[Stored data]
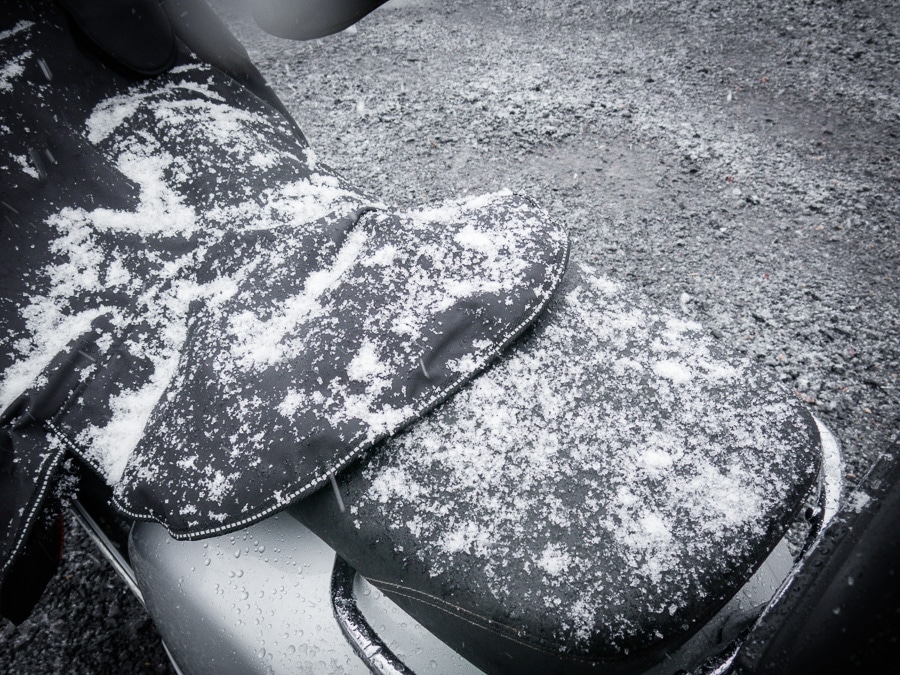 Seat of Vespa GTS scooter covered in snow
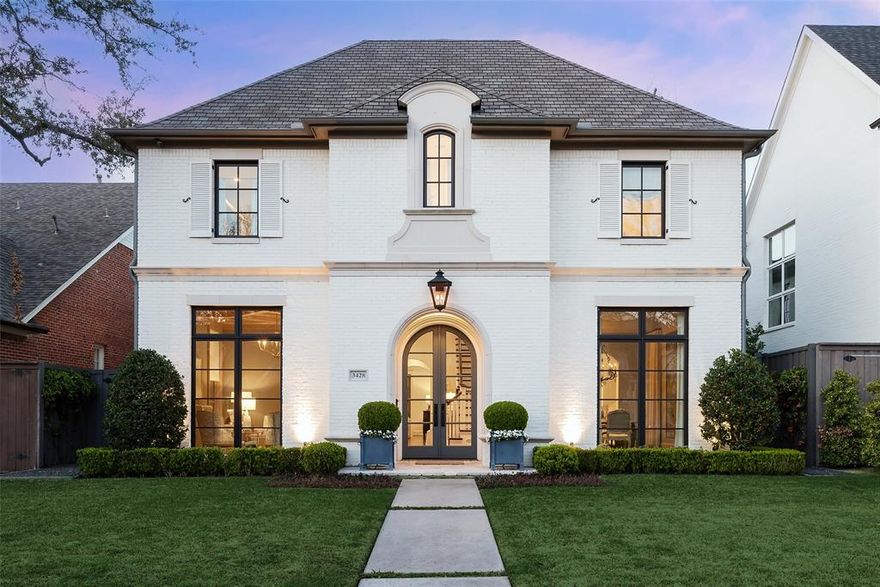 This exquisite University Park custom home built in 2016 by Platinum Series Homes w open flr plan offering blend of traditional charm & modern luxury. Hardwoods throughout, floor-to-ceiling windows, designer wallpapers-drapes, beautiful fireplaces. 1st flr boasts stunning foyer opening to study & dining room. Kitchen ft large island, gourmet appliances, walk-in pantry, flowing into large family rm w marble FP & French doors opening to outdoor living area. Guest bd w ensuite ba also located on 1st floor. 2nd flr incl primary suite which offers marble floors, oversized shower, and custom walk-in closet. Two add. bedrms w ensuite ba, game rm, and laundry rm. 3rd flr ft 5th bd with ensuite ba & walk-in closet. Outdoor living area incl. covered porch w fireplace & retractable screens, turfed backyard w landscaping by From the Ground Up, & attached 2-car garage. Minutes from Snider Plaza, Preston Center, and University Park Elementary, this home embodies luxurious living in a prime location.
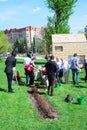 Young and senior people plant roses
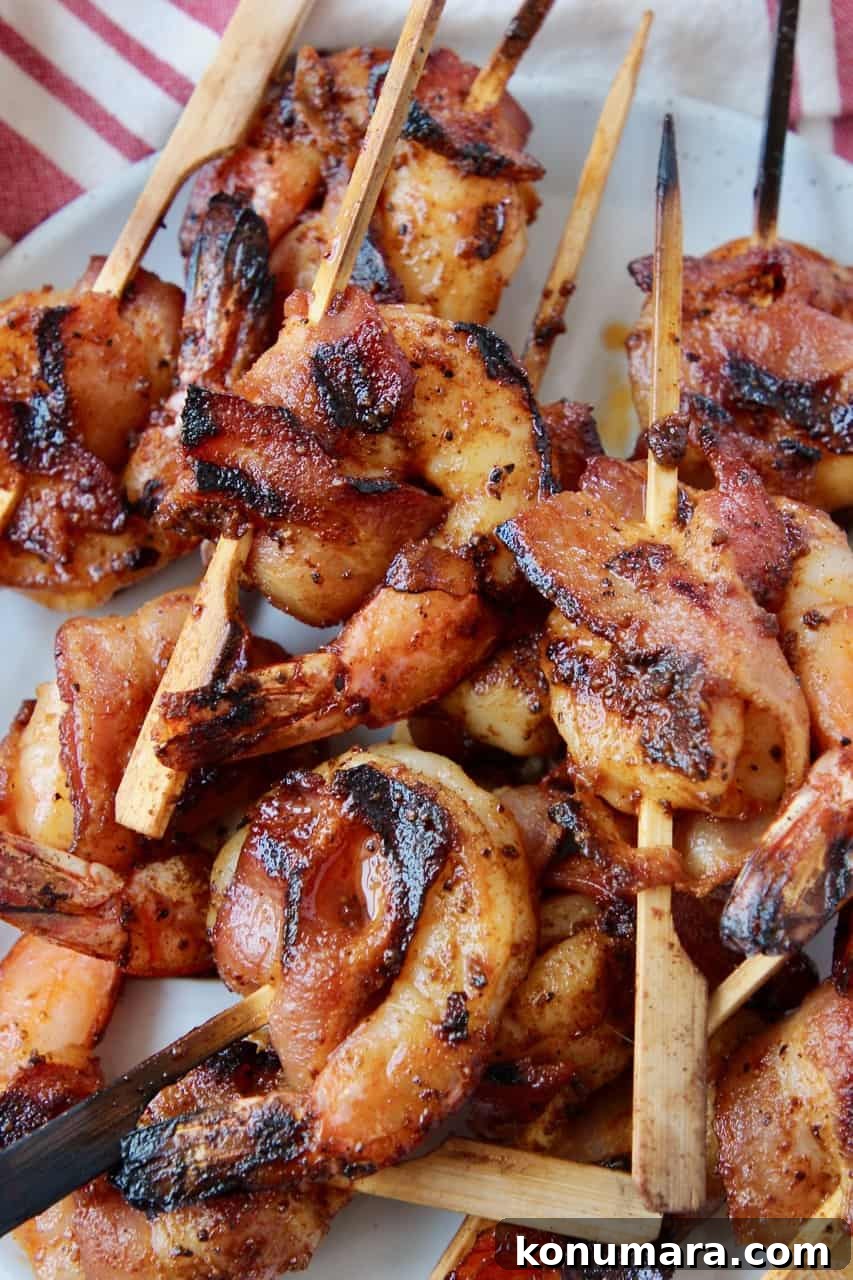 Grilled Bacon-Wrapped Shrimp Skewers 2 Bacon wrapped shrimp piled on plate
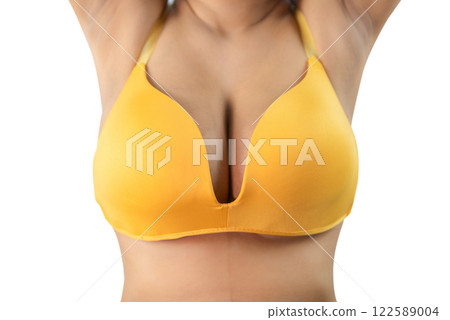 Woman with beautiful breasts sexy bikini bra a yellow on a white background, closeup. Woman with beautiful breasts sexy bikini bra a yellow on a white background, closeup. 122589004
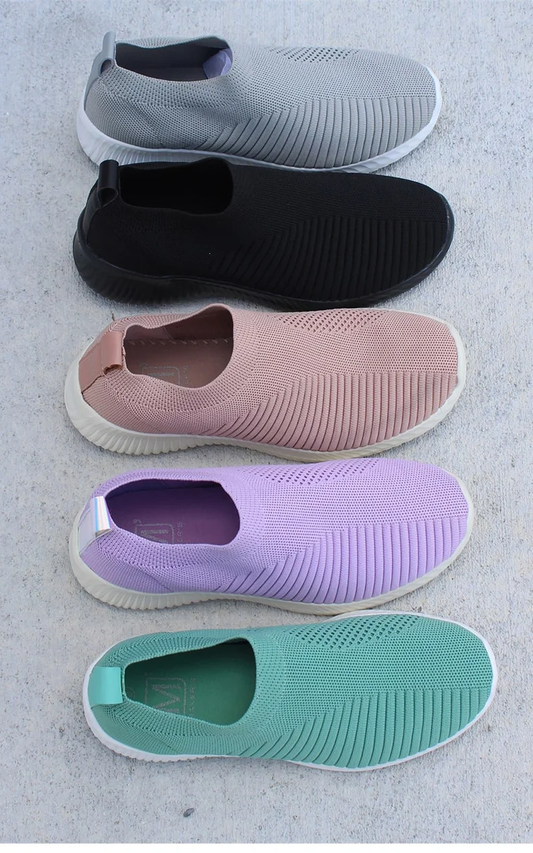 Ultra-comfortable casual slip-on summer sneakers in various colours, featuring a stretch fabric upper, rubber outsole, and cotton lining for a relaxed, breathable fit.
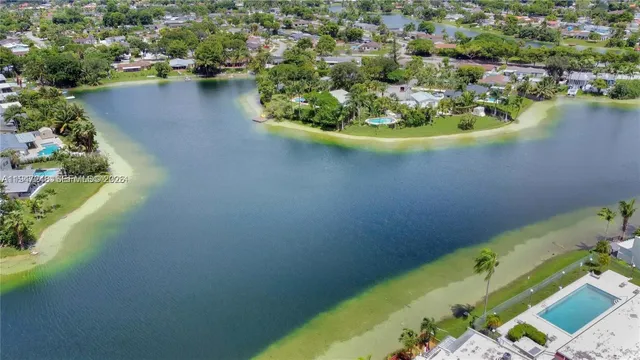 an aerial view of a house with a lake view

■ What you have to do ■
Copy the entries character for character, excluding any pictures.

■ Response to this task ■
 Seat of Vespa GTS scooter covered in snow
 This exquisite University Park custom home built in 2016 by Platinum Series Homes w open flr plan offering blend of traditional charm & modern luxury. Hardwoods throughout, floor-to-ceiling windows, designer wallpapers-drapes, beautiful fireplaces. 1st flr boasts stunning foyer opening to study & dining room. Kitchen ft large island, gourmet appliances, walk-in pantry, flowing into large family rm w marble FP & French doors opening to outdoor living area. Guest bd w ensuite ba also located on 1st floor. 2nd flr incl primary suite which offers marble floors, oversized shower, and custom walk-in closet. Two add. bedrms w ensuite ba, game rm, and laundry rm. 3rd flr ft 5th bd with ensuite ba & walk-in closet. Outdoor living area incl. covered porch w fireplace & retractable screens, turfed backyard w landscaping by From the Ground Up, & attached 2-car garage. Minutes from Snider Plaza, Preston Center, and University Park Elementary, this home embodies luxurious living in a prime location.
 Young and senior people plant roses
 Grilled Bacon-Wrapped Shrimp Skewers 2 Bacon wrapped shrimp piled on plate
 Woman with beautiful breasts sexy bikini bra a yellow on a white background, closeup. Woman with beautiful breasts sexy bikini bra a yellow on a white background, closeup. 122589004
 Ultra-comfortable casual slip-on summer sneakers in various colours, featuring a stretch fabric upper, rubber outsole, and cotton lining for a relaxed, breathable fit.
 an aerial view of a house with a lake view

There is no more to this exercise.